● **Exercise prompt**
Drop the images, then output the listing exactly.
Excerpted data below:
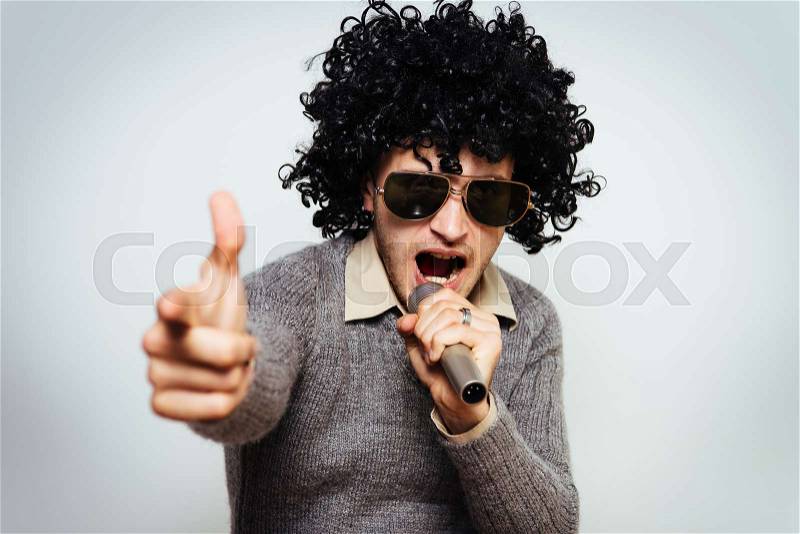 A man in a wig, and sunglasses singing into a microphone, stock photo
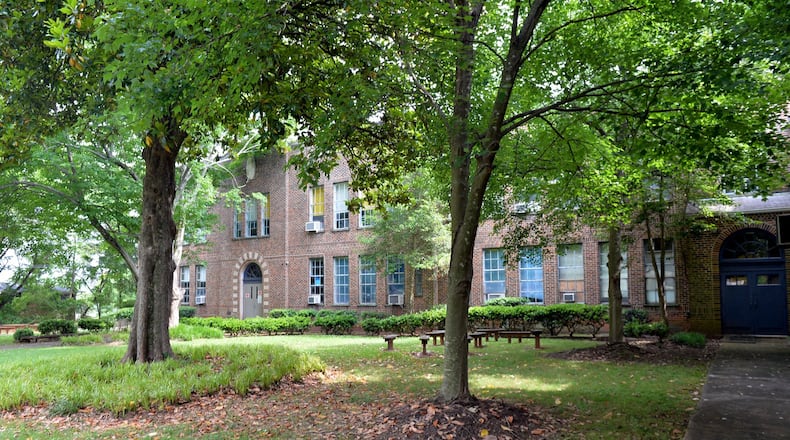 The future of the former Hubert Elementary School property on Memorial Drive in Atlanta has been a subject of close scrutiny for several years. In June, the Atlanta Board of Education agreed to lease the parking lot on the site to a construction company working on a nearby project. KENT D. JOHNSON/AJC/2014 file photo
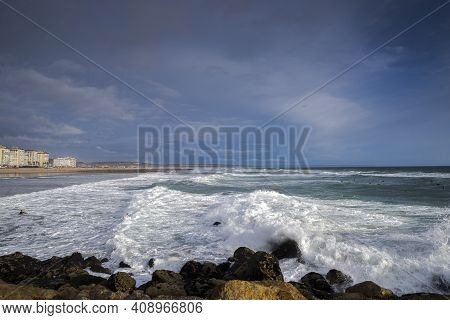 Surfing In The Costa Da Caparica Beach, A Famous Place For Water Sports In Portugal.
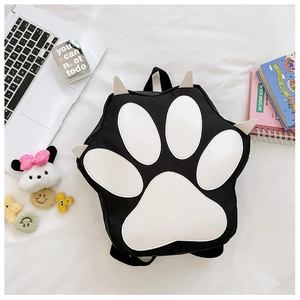 Flat lay of a cute black cat paw backpack with soft 3D details and school accessories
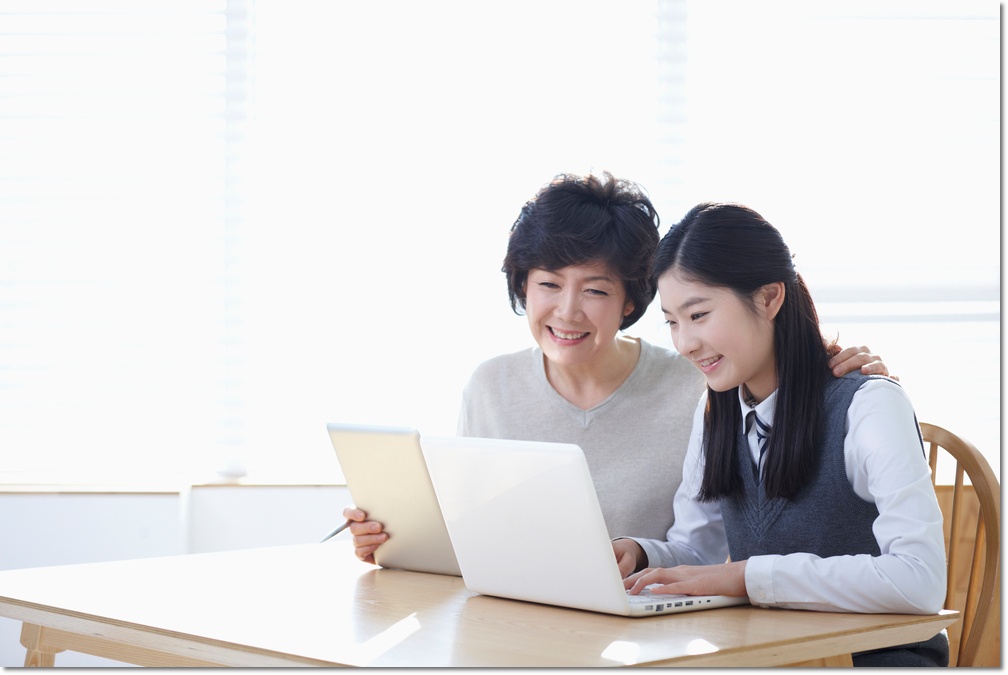 노트북 화면을 함께 확인하는 학생과 어른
End of Excerpted data.
● **Reply**
 A man in a wig, and sunglasses singing into a microphone, stock photo
 The future of the former Hubert Elementary School property on Memorial Drive in Atlanta has been a subject of close scrutiny for several years. In June, the Atlanta Board of Education agreed to lease the parking lot on the site to a construction company working on a nearby project. KENT D. JOHNSON/AJC/2014 file photo
 Surfing In The Costa Da Caparica Beach, A Famous Place For Water Sports In Portugal.
 Flat lay of a cute black cat paw backpack with soft 3D details and school accessories
 노트북 화면을 함께 확인하는 학생과 어른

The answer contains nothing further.